Interpretation & Explanation
Howbeit then, when ye knew not God, ye did service unto them which by nature are no gods. But now, after that ye have known God, or rather are known of God, how turn ye again to the weak and beggarly elements, whereunto ye desire again to be in bondage?
He reminds them that in their past they did service unto the gods of their religion. This was not just service, but rather it was slavery. They performed many rituals to please the gods and sacrificed many things to please them. These naturally are not gods (Isaiah 44:9-20). These gods are only gods in their imagination, yet they were slaves to them. God is the only true God of nature.
Now, they know God — the true God. Rather are known of God. Truly, no one knows God except He know him first. We love Him, because He first loved us. This also gives the sense of having God’s “approval.”
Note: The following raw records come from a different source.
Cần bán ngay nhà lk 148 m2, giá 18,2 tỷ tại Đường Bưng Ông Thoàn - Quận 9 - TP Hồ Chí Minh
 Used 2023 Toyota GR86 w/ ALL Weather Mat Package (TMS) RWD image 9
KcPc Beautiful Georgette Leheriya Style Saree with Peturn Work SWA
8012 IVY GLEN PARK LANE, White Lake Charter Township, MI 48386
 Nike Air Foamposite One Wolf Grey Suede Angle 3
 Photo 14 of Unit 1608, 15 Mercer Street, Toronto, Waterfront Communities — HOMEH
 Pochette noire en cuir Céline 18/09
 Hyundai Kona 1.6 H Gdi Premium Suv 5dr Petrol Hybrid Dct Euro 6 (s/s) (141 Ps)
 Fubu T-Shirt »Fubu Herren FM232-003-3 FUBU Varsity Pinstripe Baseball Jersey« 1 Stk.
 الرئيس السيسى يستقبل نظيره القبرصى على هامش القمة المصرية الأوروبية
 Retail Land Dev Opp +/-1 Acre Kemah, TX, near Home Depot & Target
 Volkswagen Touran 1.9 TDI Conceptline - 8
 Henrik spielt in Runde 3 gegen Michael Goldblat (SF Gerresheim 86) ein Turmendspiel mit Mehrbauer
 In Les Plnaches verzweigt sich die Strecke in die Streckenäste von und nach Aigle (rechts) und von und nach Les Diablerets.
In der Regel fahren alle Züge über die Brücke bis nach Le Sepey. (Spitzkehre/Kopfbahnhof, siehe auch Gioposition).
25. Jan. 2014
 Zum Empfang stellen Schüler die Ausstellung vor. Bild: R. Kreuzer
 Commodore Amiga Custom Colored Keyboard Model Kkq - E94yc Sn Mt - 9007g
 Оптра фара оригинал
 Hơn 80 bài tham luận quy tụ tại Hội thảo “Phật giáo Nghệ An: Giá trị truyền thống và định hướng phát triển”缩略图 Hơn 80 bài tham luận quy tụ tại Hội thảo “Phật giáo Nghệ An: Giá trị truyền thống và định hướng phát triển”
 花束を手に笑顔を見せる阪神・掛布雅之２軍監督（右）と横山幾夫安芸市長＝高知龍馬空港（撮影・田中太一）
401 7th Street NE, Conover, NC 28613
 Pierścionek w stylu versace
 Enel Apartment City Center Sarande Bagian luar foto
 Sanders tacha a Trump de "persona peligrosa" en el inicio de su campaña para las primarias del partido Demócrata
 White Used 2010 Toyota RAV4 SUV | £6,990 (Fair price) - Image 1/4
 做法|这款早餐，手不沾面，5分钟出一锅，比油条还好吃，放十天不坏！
Paul expresses incredulity and utter amazement that they would turn back to weak and beggarly elements. These are fleshly elements, elements of the world — vs. 3. They are sensual elements; not necessarily lustful, but fleshly. They are things we can see, feel, and do. They are outward things. True Christianity is spiritual, not sensual. He tells them this indicates a desire to start from the beginning to please God through the bondage of these “elements.”
Ye observe days, and months, and times, and years. I am afraid of you, lest I have bestowed upon you labor in vain.
Paul gives examples of their return to bondage. Earlier he spoke of circumcision. Now he refers to them observing Jewish days, festivals, etc. He expresses great concern for them. He has a very strong fear that displays the love of the apostle. Stern warnings normally come from those that love you. He is not afraid that he had wasted his time, but that they had turned their backs on the gospel. This is not a selfish statement, rather it shows the seriousness of the situation.
Christ is the fulfillment of all the law. He is the end of the law. All that the law demanded He supplied. When we seek to please God through keeping the (or any) law, we make the work of Christ of none effect. We act as if Christ has not done His work. We assume that the law must still be met.
In Galatians, there is the continual contrast of process — before salvation we work to please some god; after salvation we are pleasing to God because we live by faith. If you’re working to please God after salvation, you’re not living according to the gospel — you’ve returned to the same methods that you lived in before you were saved.
We live in a rule-governed society. But we are not happy if we only live by the rules. We don’t please God (or anyone else) if we only live by the rules. We must live by faith and submit to the Holy Spirit’s guidance. Living this way takes the worry out of life! Don’t go back to rule living for happiness.